Despite going out of Europe to Ajax, and two consecutive 2-0 defeats at home to Palermo and away to Inter, Prandelli’s team really came into its own in the final third of the season. With Genoa breathing down their necks for fourth position, la Viola supporters couldn’t have wished for a better time for their side to come into form. Ironically, the team’s improved performances and results were achieved without Mutu, who was out for the rest of the season with a troublesome knee injury. This forced Prandelli to think more creatively, and with a switch to a 4-2-3-1 formation, with Melo and Montolivo patrolling the midfield, Gila was the lone target man supported by a triumvirate of attacking, creative midfielders.
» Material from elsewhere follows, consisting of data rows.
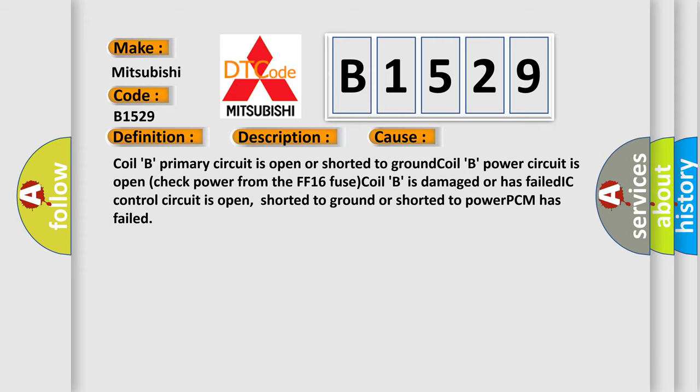Coil B is damaged or has failed. IC control circuit is open, shorted to ground or shorted to power. PCM has failed.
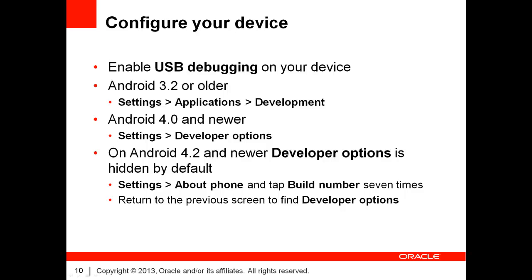Once USB debugging is enabled, simply connect your device to your computer using an appropriate cable. Please note that some devices will require you to install a USB driver, especially if you use the Windows operating system. Typically, you will find those drivers on the manufacturer's website.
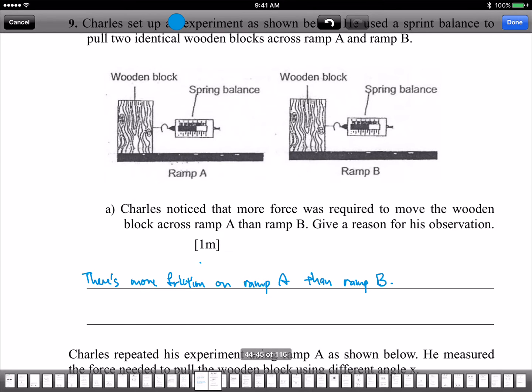The question is asking you: more force was required to move the wooden block. So you need to explain that more force is required to overcome the friction on ramp A.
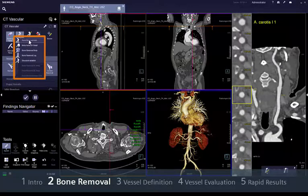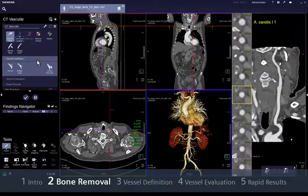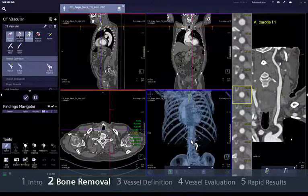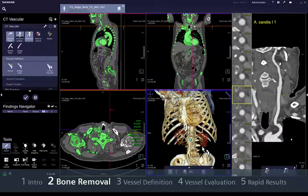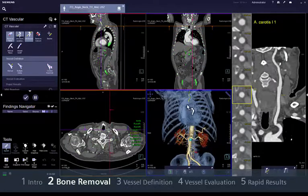In case of suboptimal results, you can also switch between algorithms using, for example, the Structure Isolation mode, if you want to start a user-defined bone mask from scratch, defining the areas to mask or unmask as in the Edit Bone Removal mode.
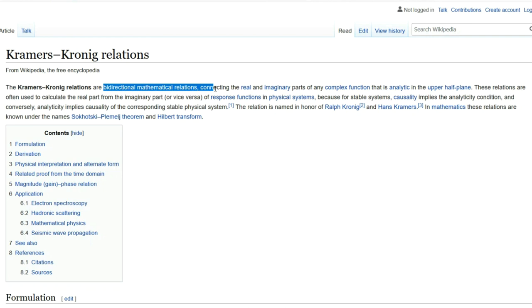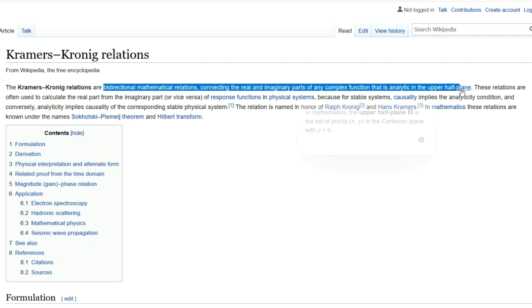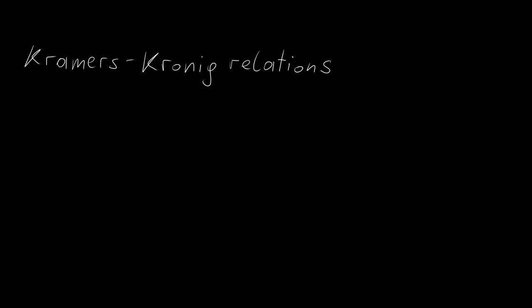I want to talk about the Kramers-Kronig relations, which are bidirectional mathematical relations connecting the real and imaginary parts of any complex function that is analytic in the upper half plane. Now, this sounds quite abstract, but these relations are actually incredibly useful in physics. We're going to motivate them from a physicist's point of view, and then we're going to derive them.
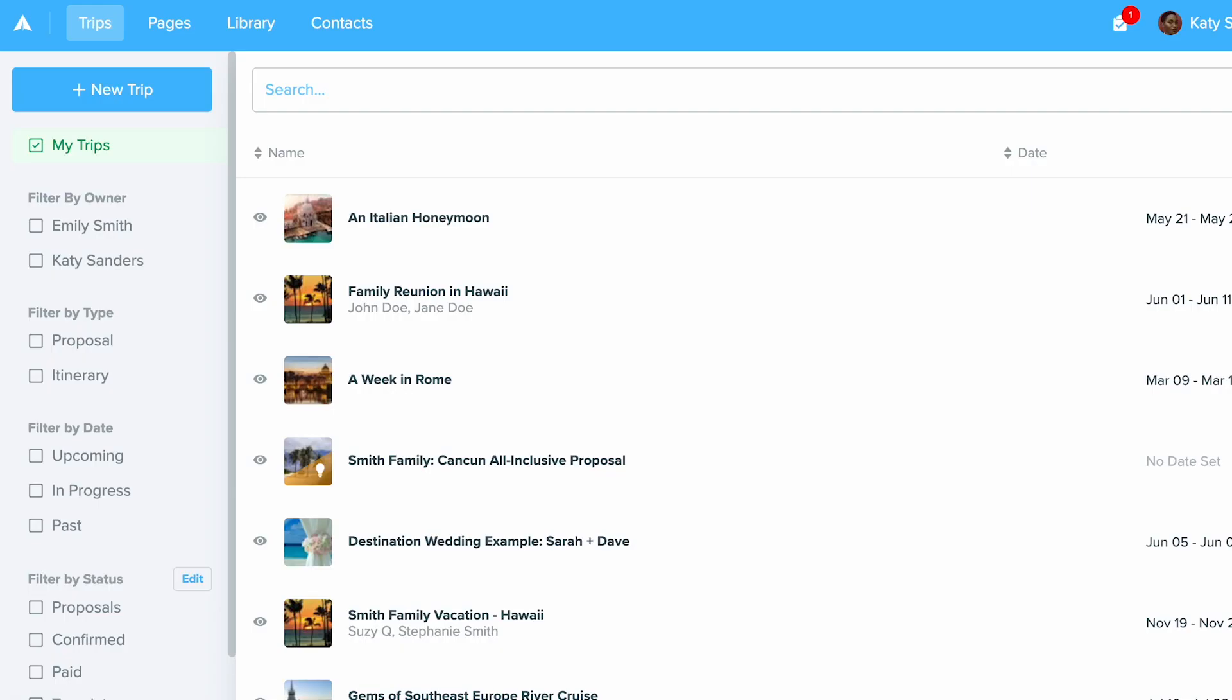In this video we will be exploring Contacts, which is part of Travify CRM tools. This is built into your Travify account and will allow you to manage and organize your client and business contacts. Now I'm going to walk through how to store and keep your contact information organized.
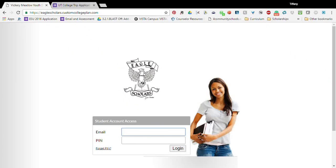Okay guys, I'm going to show you how to add a college to your custom college plan on College Planner Pro.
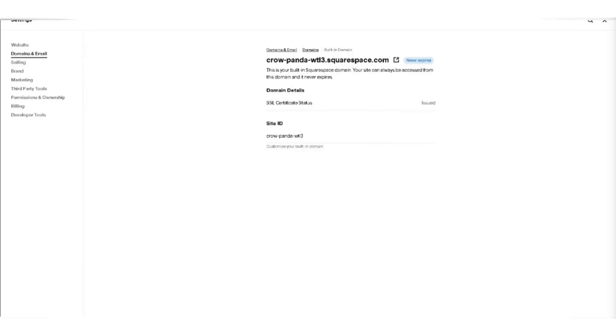Now click on the domain you want to configure and then select the DNS option. In the DNS section, click on edit, proceed to the custom records section where you need to create the five records necessary to activate Gmail for Google Workspace on Squarespace DNS records. Just make sure to follow the specific instructions provided for each record.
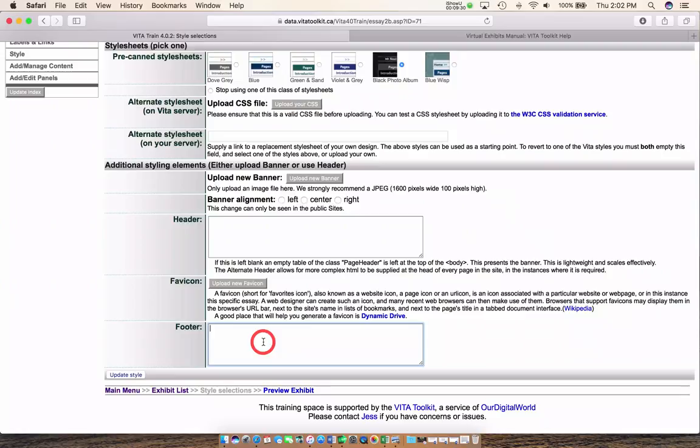Let's put in a footer — 'This is a footer.' We'll see that once we create our exhibit it will appear at the bottom. As always I'm going to update all my choices.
With a switch from left-back to the left side of this three-pronged attack, Peruvian Juan Manuel Vargas was like a new player for the team, as well as the emergence of young pretender Stevan Jovetic. From the 2-0 defeat to Inter to the 1-1 draw away to Lecce that guaranteed Champions League football next year, Fiorentina went on a run of seven wins in eight games (the one defeat a 3-1 disappointment away to Udinese). Forget the Champions League, this kind of form is what title challenges are made of, and with a few games to go, a second-placed finish was even a possibility. In the end, Prandelli and his charges had to settle for fourth place – a position they would have gladly taken had it been offered at the start of the season. Now the hope for the Coach, the board, the team and the supporters is that the team can have a successful summer in the transfer window and kick on next season, with continuous Champions League qualification and maybe even a cup success.